The boy spat at him, and Gilbert hit the boy back. Gilbert’s father was
shaking with fear. He begged forgiveness from the boy who spat on his son. Then he turned to his son and upbraided him.

“Boy, what’s the matter with you?” his father said. “Are you crazy?”

The father fumed at him. “All the way home, he didn’t talk to me,” Gilbert remembered decades later. “I got home, he didn’t say a word.”

That night, Gilbert could hear his father confiding to his mother through the cardboard-thin walls of their cabin. “Sugar, that one son we got, Gilbert, I’m afraid for him,” the father whispered. “That boy’ll never live if he stays in Grenada.”

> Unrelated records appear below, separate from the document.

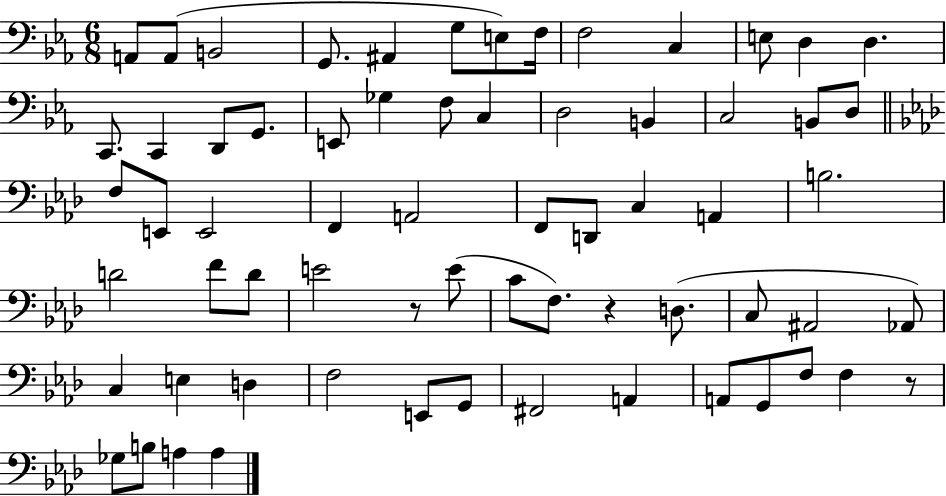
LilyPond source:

{
  \clef bass
  \numericTimeSignature
  \time 6/8
  \key ees \major
  a,8 a,8( b,2 | g,8. ais,4 g8 e8) f16 | f2 c4 | e8 d4 d4. | \break c,8. c,4 d,8 g,8. | e,8 ges4 f8 c4 | d2 b,4 | c2 b,8 d8 | \break \bar "||" \break \key aes \major f8 e,8 e,2 | f,4 a,2 | f,8 d,8 c4 a,4 | b2. | \break d'2 f'8 d'8 | e'2 r8 e'8( | c'8 f8.) r4 d8.( | c8 ais,2 aes,8) | \break c4 e4 d4 | f2 e,8 g,8 | fis,2 a,4 | a,8 g,8 f8 f4 r8 | \break ges8 b8 a4 a4 | \bar "|."
}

Gilbert knew that. He shared his dreams with Percy when they worked in the field hoeing and plowing and weighing up the cotton.

“We would plow side to side,” Gilbert remembered. “He’d have a row, and I’d have a row. We would talk. We would talk about school or what I’m gonna do when I get to be grown, when I leave here.”

His big sister’s stories of life up north had seeped into him, and one day when he got big enough, he told himself, he was going to follow her to Ohio. And he did.

Hundreds of miles away, out in the country near Jackson, North Carolina, a family named DeBreaux was in a tizzy whenever cousin Beulah was expected in from New York.
78
The mother cooked all day. The daughters, Virginia and Lee, cleaned and swept and tried to imagine how she would look. It was as if the queen of England were coming.

Beulah blew into town in the latest silk dresses, her high heels click-clacking on the pavement. Her hair was pressed and shiny and swung when she turned her head. The girls touched it to see how it felt.

“If we could just look like that,” Virginia told her sister.

Virginia started dreaming then and there.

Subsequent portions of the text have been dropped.